Leaven may be slowly transforming the world even though human eyes cannot see it working. Such are the mysteries of the reign of God in the human heart and in all creation.
- What leaven do you hope you are in your community of faith?
- What small effort do you hope grows much bigger?
Jesus teaches the Galilean crowds in comparisons familiar in their experience. Parables give hearers concrete ways to think about and reflect on what God’s kingdom is like.
However, because Jesus’ similes for God’s reign are so concrete, they challenge us today. People who live in a city may have no experience of wheat and weeds or mustard seeds and mature plants. Farmers today who grow wheat use herbicides to kill weeds without damaging their crops. People who buy bread do not use leaven. The man who sows the good wheat seed is a master with slaves, a social distinction the United States endured a civil war to end. Inescapably we have to interpret Jesus’ parables to bring them into our lives and world.
Nonetheless Jesus’ parables can help us see ourselves. We recognize the voice of the self-righteous, saying, “An enemy has done this planting of weeds!” The self-righteous do not consider themselves weeds.

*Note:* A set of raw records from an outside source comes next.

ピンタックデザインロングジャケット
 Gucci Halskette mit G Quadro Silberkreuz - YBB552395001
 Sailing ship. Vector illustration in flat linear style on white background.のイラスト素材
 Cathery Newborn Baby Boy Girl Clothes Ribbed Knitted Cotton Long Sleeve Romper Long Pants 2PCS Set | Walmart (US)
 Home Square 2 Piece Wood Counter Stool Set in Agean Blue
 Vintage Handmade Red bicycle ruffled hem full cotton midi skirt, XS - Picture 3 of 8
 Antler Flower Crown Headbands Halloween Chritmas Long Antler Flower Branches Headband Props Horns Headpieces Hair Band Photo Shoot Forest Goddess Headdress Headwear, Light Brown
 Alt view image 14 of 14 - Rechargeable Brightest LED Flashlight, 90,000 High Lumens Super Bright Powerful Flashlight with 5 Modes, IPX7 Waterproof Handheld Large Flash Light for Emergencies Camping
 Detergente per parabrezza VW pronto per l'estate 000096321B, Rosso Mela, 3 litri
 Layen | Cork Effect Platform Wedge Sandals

By contrast, those who see themselves with God’s wisdom might say, “If an enemy has done this, we have seen the enemy and it is us! How can we change?”
The liturgy gathers us as weeds and wheat to reflect together on God’s wisdom and our wisdom. The liturgy opens out hope to us, transforming wheat and even our weeds into the Body of Christ, a community of saints and sinners.
- How can you imitate in your relationships the wisdom of the Spirit who searches hearts and prays for us in our weakness?
- What weeds do you notice most in others? What weeds do you notice most in yourself?